Microrrelato “Melancolía”

Fue ayer, pero da la sensación de haber pasado una eternidad. Sin su presencia me vuelvo loca de ira, no aguanto esta incertidumbre que me está matando. Esta angustia me inquieta me encuentro tan sola, nada más que el recuerdo invade mi mente. ¡Me niego a vivir así! Ya no siento nada, ni la gente ni la brisa y mucho menos el calor y el frio, todo se ha perdido en el vacío. Intento construir un puzle de lo que he vivido pero las lágrimas no me dejan, son tan frías como el frio en pleno invierno. Quiero escapar pero no se puede huir de lo vivido. Qué lástima no volver atrás para empezar de nuevo para no equivocarnos. Desde muy pequeña he sabido que este mundo no estaba hecho para mí. Me deshago cada minuto que pasa, siento que me hago transparente. No me ve la gente, apenas escucho los ruidos y vuelvo a caer y preguntarme —¿Lo he perdido?—. ¡Así como se pierde una aguja en un pajar! No entiendo a la gente con sus voces de valiente ¿Qué saben del amor? el sacrificio que se adquiere de su interminable desesperación, de querer y no poder.

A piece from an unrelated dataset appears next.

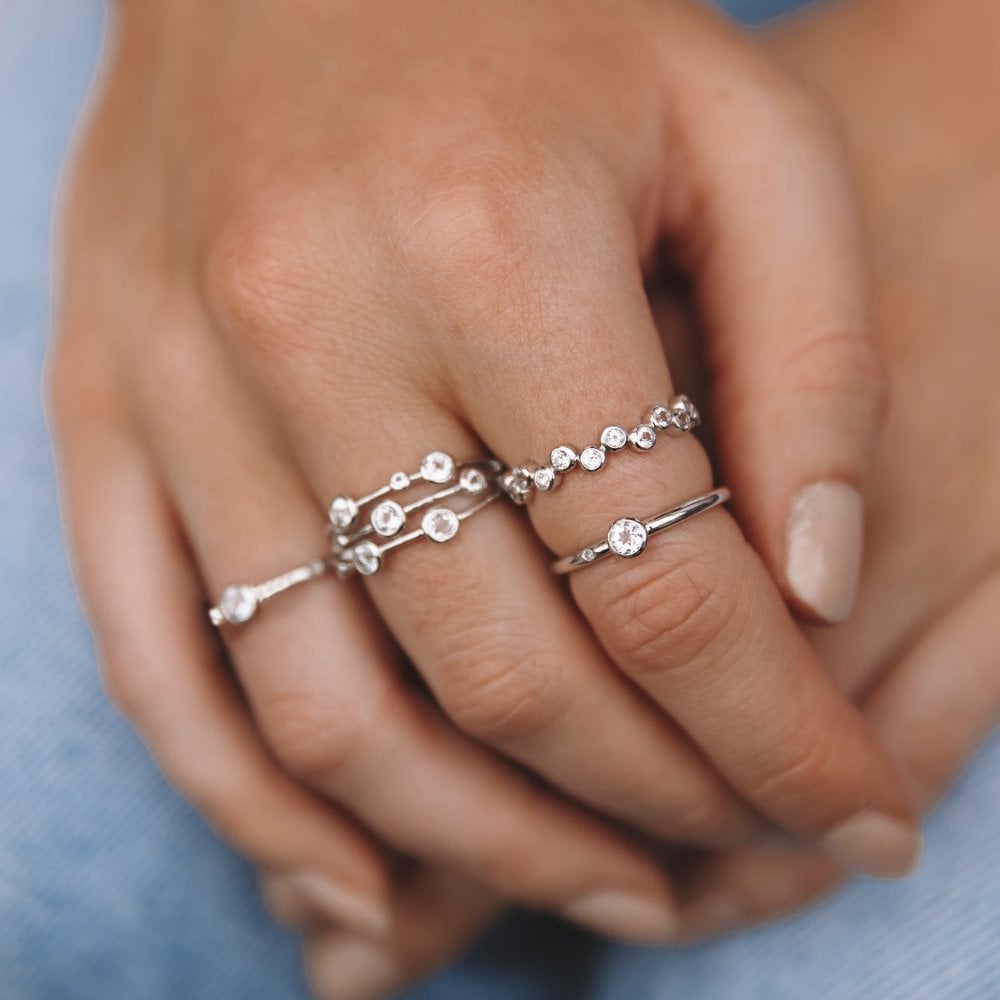 Hot Diamonds Tender Solitaire Ring - Silver - Size N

Amor, palabra sin final y sin comprensión. El día que le abrí las puertas al amor fue cuando me puse un cuño final en la eternidad de la realidad. Se acabó todo para mí, he aquí porqué escribo estas palabras para expresar mi dolor en esta historia de la vida una más como cualquier otra hay que vivirlo para sufrirlo, de esta manera como lo sufro yo. Me tiraré al vacío, sin mirar atrás me dirijo a un lugar donde nunca se podrá salir y quizás allí esté él esperándome si no me conformo con la melancolía que ahora es parte de mi vida.
—Para la persona que encuentre esta carta le ruego que la destruya, el qué la escribió ya no existe.